Community-based artisan enterprise development is a significant site of adult learning in rural Thailand. Sop Moei Arts enables poor Pwo Karen women and men to earn fair wages for work that draws from indigenous knowledge of weaving, encourages learning and innovation related to product development, and strengthens their communities.
Globally, rural artisans are learning to bridge social, cultural and economic divides to ensure the sustainability of their communities. Indigenous craft knowledge, skills, and aesthetics are being utilized to promote income generation and fair trade in the global marketplace. Livelihoods and cultural practices are being transformed as artisan enterprises strengthen local economies. This paper, based on research in Thailand, focuses on adult learning in the context of community enterprise development among weavers in rural North Thailand.
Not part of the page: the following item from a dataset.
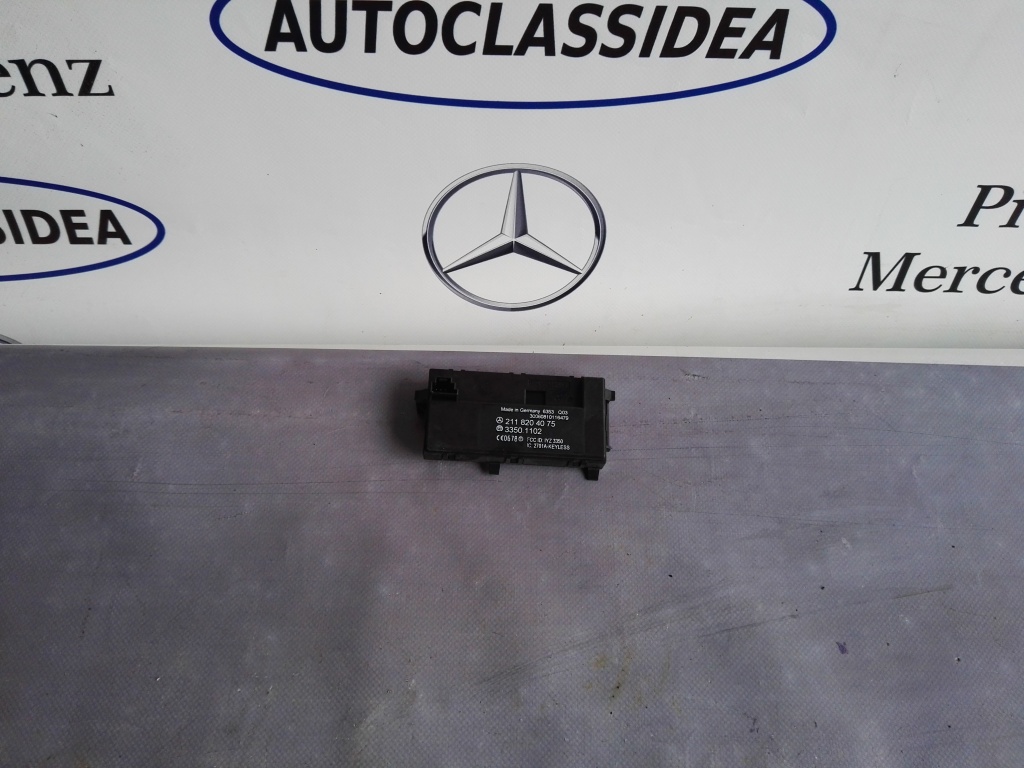 Modul antene Keyless GO Mercedes E Class W211 CLS W219 A2118204075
Globalization and the Asian economic crisis of 1997 have had profound impact on the lives of millions in Asia. Poverty is severe in rural Thailand where people did not benefit from the boom years of Thailand’s economic development; rather, they became victims of environmental destruction, industrialization, marginalization and displacement (Laird, 2000). Among the rural poor are artisans, many of whom are moving away from traditional livelihoods. Lack of access to raw materials and to markets, exploitation by middlemen, low prices for long hours of work, and the devaluing of rural village ways of life, keep wages at poverty level and undermine the sustainability of artisan communities.